I’m working on a problem from McElreath’s Statistical Rethinking 2nd edition, chapter 16 (problem 16H1). In modeling the rate of opening nuts by chimpanzees, I’d like to specify different priors for the maximum weight of males and females.
I’ve tried the following, but seems like there would be a more elegant way to specify different priors. Also, this formulation gives me 1 value of max_mass per row:
You can get the dataset here.
import numpy as np
import pandas as pd
import pymc as pm
panda_nuts = pd.read_csv('data/panda_nuts.txt', sep=';')
seconds = panda_nuts.seconds
age = panda_nuts.age / panda_nuts.age.max()
male_ind = np.where(panda_nuts["sex"]=='m', 1, 0)
female_ind = np.where(panda_nuts["sex"]=='f', 1, 0)
with pm.Model() as model:
phi = pm.LogNormal('phi', mu=np.log(1), sigma=0.1) # proportionality constant (product of proportionality of mass
# to strength and prop of strength to nut-opening)

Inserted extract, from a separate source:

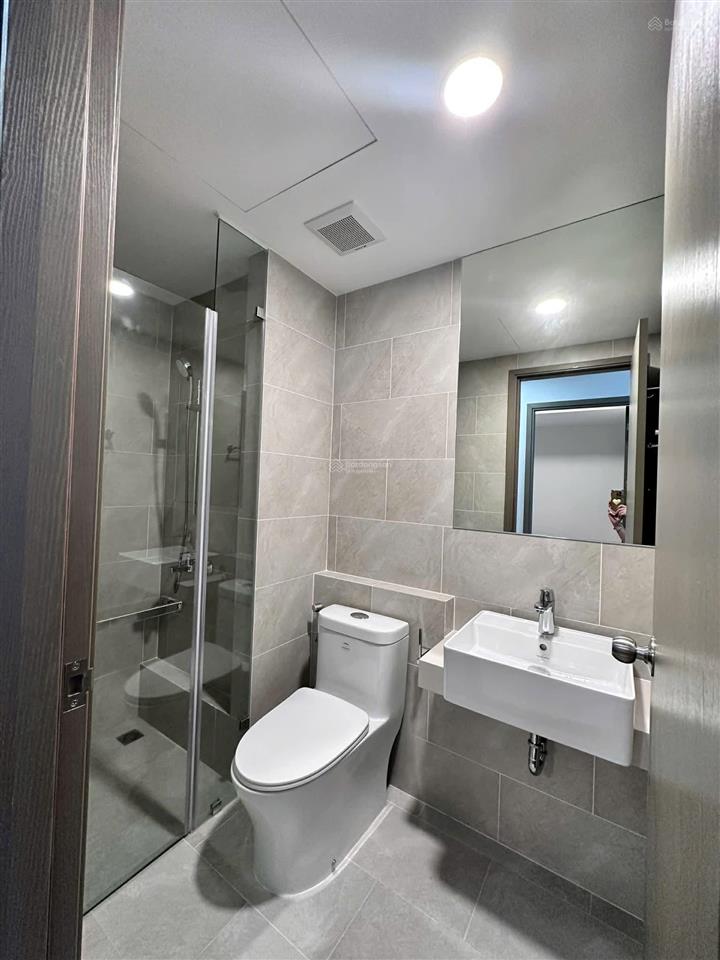 Bán căn 59m2 full nội thất như ảnh + view quận 1 + giá 2.8 tỷ (102%) sổ hồng sẵn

k = pm.LogNormal('k', mu=np.log(2), sigma=0.25) # Rate of nut-opening skill gain with age
theta = pm.LogNormal('theta', mu=np.log(5), sigma=0.25) # Positive returns to strength
secs_var = pm.Data('secs', seconds.values)
age_var = pm.Data('age', age.values)
mu_male = pm.Normal('mass_male', mu=140, sigma= 10)

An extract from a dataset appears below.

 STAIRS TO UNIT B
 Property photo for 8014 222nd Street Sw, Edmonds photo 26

mu_female = pm.Normal('mass_female', mu=110, sigma = 10)
sigma_mass = pm.HalfNormal('sigma_male', sigma=10)
mu = male_ind * mu_male + female_ind * mu_female
mass = pm.Normal('Max_mass form', mu, sigma_mass)
#lam = pm.Deterministic('lam', secs_var * phi * (1 - pm.math.exp(-k * age_var))**theta)

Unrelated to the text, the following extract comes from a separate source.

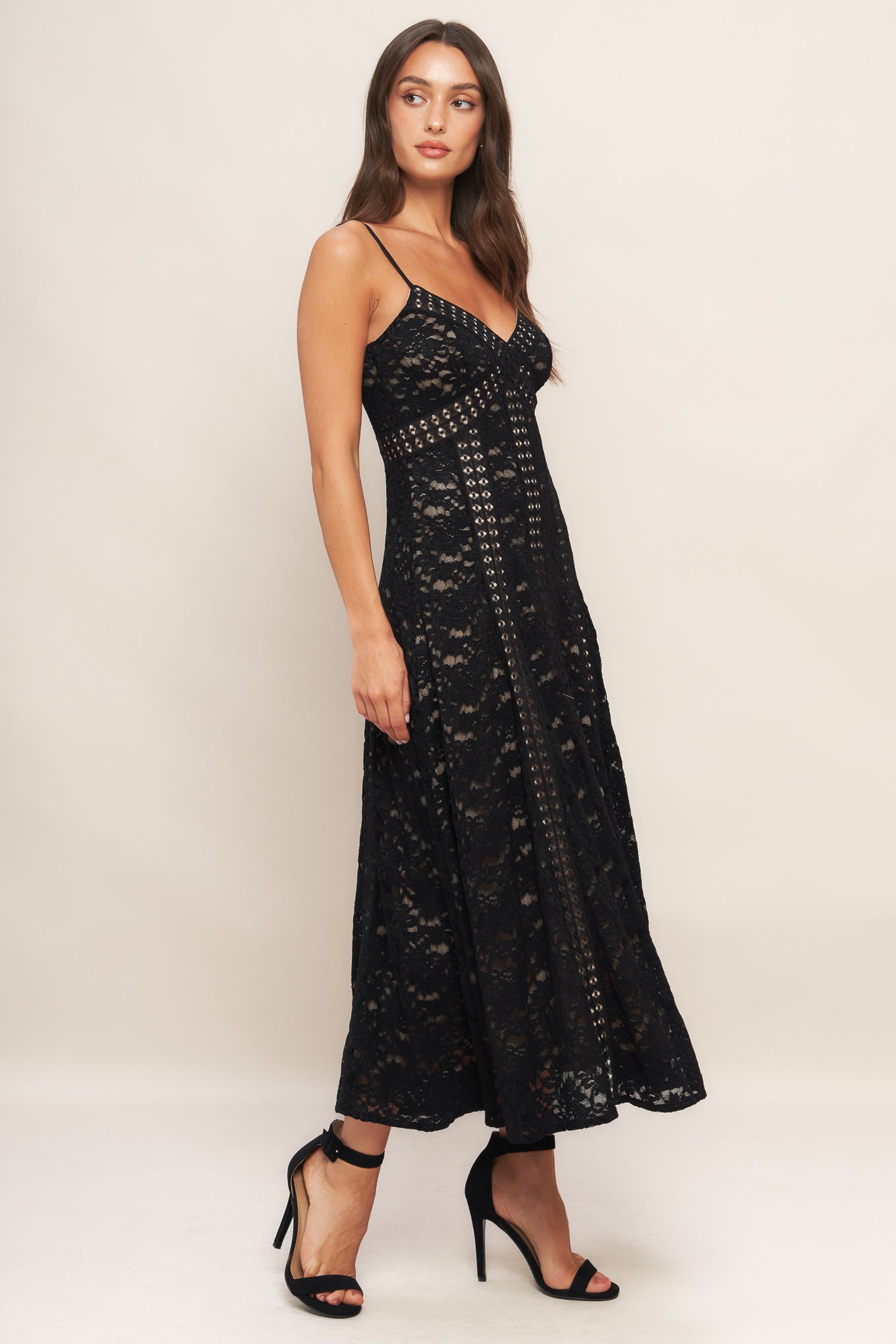 Evening Lace Inset Midi Dress Trendy Midi Dresses Outfit Idea for Women | Ro + Ivy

lam = secs_var * phi * (mass - pm.math.exp(-k * age_var))**theta
n = pm.Poisson('n', lam, observed = panda_nuts.nuts_opened)
res = pm.sample()
az.summary(res)
I’ve seen this post so it’s a clue that I would create 2 separate distributions and stack them, but don’t understand the stacking syntax in Pymc - links welcome. Also, in my use case, the mu changes but the sigma stays the same.